Du lisible au visible
« Unearthed », par Otobong Nkanga au Kunsthaus Bregenz
Alissa Wolff Raphael Pauschitz | 17 janvier 2022
Introduction
« Nous avons noyé le KUB de terre crue ! » Sidération : la force tranquille des argiles aurait-elle dévoré le béton armé du centre d’art contemporain de Bregenz, en Autriche [KUB] ? L’actuelle exposition par l’artiste plasticienne belgo-nigérienne Otobong Nkanga, Unearthed, met en scène les éléments terre et eau dans le cube en béton brut de Peter Zumthor (1997).
À chacun des quatre niveaux, l’artiste déploie une tapisserie (6 × 3.5m) aux couleurs vivantes face à des paysages archaïques, solitaires ou sous bulle. Ces installations furent réalisées avec le TextielMuseum de Tilburg, aux Pays-Bas, et l’équipe du céramiste & bâtisseur terreux Martin Rauch du Vorarlberg, en Autriche.
Le parcours à travers l’installation débute au rez-de-chaussée, dans la pénombre. Une tapisserie — nommée « Unearthed – Abyss » — orne le mur de béton brut. Au centre, un tronc traverse l’espace en diagonale. À son pied, une mare limpide au creux d’un amas de terre. L’eau diffuse aux surfaces sombres du béton les teintes des argiles, de l’ocre au rose, du glauque à l’orange…
Au premier étage — « Unearthed – Midnight » — et au deuxième étage — « Unearthed – Twilight » — s’élance toujours le tronc incliné, dont le diamètre s’amincit et l’écorce s’assombrit progressivement. Des cordages s’y enroulent et le relient à des bulles en verre de Murano, terrariums de mousses et de végétaux. Les étages baignent dans une lumière dont les composantes naturelle et synthétique se confondent en pénétrant la pièce par le plafond de verre opale. Au crépuscule, le soleil rasant irisé diffuse une ambiance onirique.
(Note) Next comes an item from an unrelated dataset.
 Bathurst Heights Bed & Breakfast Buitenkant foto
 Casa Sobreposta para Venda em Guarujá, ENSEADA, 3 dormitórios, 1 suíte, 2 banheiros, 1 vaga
Au dernier étage — « Unearthed – Sunlight » — apparaît la cime de l’arbre, désormais carbonisée. Ici, les terreux ont damé, lissé, coulé, saupoudré de la terre crue, recouvrant l’intégralité de la dalle. Les textures, pigments et particules s’entremêlent, fusionnent, s’écaillent et explosent en cratères.
Cette surface n’est fait que de matière inerte. Pourtant, l’œuvre vit. L’eau des mares se fait progressivement aspirer par la masse sèche du sol damé, l’argile forme des croûtes, se fissure, rebique et crée des plaquettes. Mise en abyme !? La composition particulière de ce sol, où la surface argilo-limoneuse se contracte tandis que le fond sableux se dilate, recrée à plus grande échelle la particule infinitésimale — l’argile. Surprise : ici et là germent des plantules. Est-ce intentionnel, font-elles partie de l’œuvre ? La terre à bâtir devrait être totalement inerte ; voilà qu’elle reprend son autonomie !
Dès lors que nous perdons nos repères d’échelle — les cratères sont-ils des miniatures de volcans ? les crevasses représentent-elles l’interstice entre les plaquettes d’argile ? — le désespoir nous prend au corps. La désolation de cette magnifique scène est-elle esthétisée ? Le contraste entre la volubilité des tapisseries sur des thèmes océaniques ou désertiques et le mutisme des terres installe une réflexion métaphysique. À chacun et chacune d’en faire sa propre lecture, d’y incarner ses propres interrogations…
L’installation est aussi un chef-d’œuvre artisanal en lui-même. Les grumes on été sélectionnée sur un arbre centenaire dépérissant dans les forêts à proximité. Les quatre tapisseries proviennent du même carton, dessiné par Otobong Nkanga. Quant aux paysages de terre crue, formulés avec beaucoup de sophistication pour obtenir les effets décrits, les équipes de Martin & Assunta Rauch les ont réalisées en 48 h, preuve spectaculaire de leur maîtrise de cette matière.
La terre crue exalte ici sa dualité, miroir de nos états d’âme : puissance, permanence, résistance ; fragilité, évolution, plasticité… Par son omniprésence et sa liesse, la terre au sol amadoue le béton lisse des murs. Il y a vingt ans déjà, la terre crue s’attaquait au KUB par la main des Rauch, formant un des paysages atmosphériques de The Meditation Motion d’Olafur Eliasson et Günter Vogt (2001). Le combat des matières naturelles dans la construction et contre le béton de ciment a-t-il progressé depuis ?
Unearthed déterre (sic) nos craintes intimes face à l’avenir de la Terre. Les plantules font germer l’espoir. Mais, dans l’urgence écologique, cette croyance en la résilience de la Terre ne nous égare-t-elle pas ? Exposition à parcourir pieds nus.
Otobong Nkanga, Unearthed, au Kunsthaus Bregenz du 23 octobre 2021 au 06 mars 2022.